The study estimated that the global regulated market generated $74.1 billion of gross win in 2019, which is forecast to increase to $105.7 billion by 2025. This represented 16 percent of all gambling gross win in 2019. However, betting is the fastest growing gambling segment and is forecast to grow at over double the rate of the overall gambling industry over the next five years, it said.
Asia had the largest share of the market in 2019, with about 50 percent of gross win, due mainly to racing and sports lottery monopolies in Hong Kong, China and Japan. However, its importance is expected to wane in favour of the U.S., as that market opens to sports betting. North America is forecast to double from 6.7 percent of the total in 2019 to 12 percent by 2025.

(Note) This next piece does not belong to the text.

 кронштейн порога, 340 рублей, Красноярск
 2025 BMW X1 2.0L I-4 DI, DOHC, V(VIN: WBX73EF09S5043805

The study found that in the regulated markets, out of 650,000 sports offered, 99.96 percent had no integrity issues. It also found that contrary to popular belief, integrity issues in gambling were not restricted to the online world, with one in five cases reported through IBIA members’ retail outlets.
When it comes to regulatory frameworks, the study says Australia’s framework is fragmented between states and the federal government. In play betting is banned.
It said that although the tax rates are reasonable in terms of a point of consumption tax ranging between 8 to 15 percent of gross gambling revenue, sports bodies are permitted to impose additional fees.
This has significantly increased the burden on Australian operators and acted as a disincentive to new entrants to the market. As a result of the lack of competition and restrictions on products, there is a significant level of betting on overseas sites — offshore channelling — which is an issue, the study said.
India came in at the bottom of the list with just nine out of 100 points, despite estimates that the market generates about $100 billion per annum. Although the Indian Constitution allows each state to regulate and tax gambling, most betting is prohibited apart from horse racing.
“Regulation and market oversight, notably consumer protection, therefore remains absent across much of India,” it said. “This has allowed related criminal activity the opportunity to flourish and continues to occupy the time of law enforcement bodies.”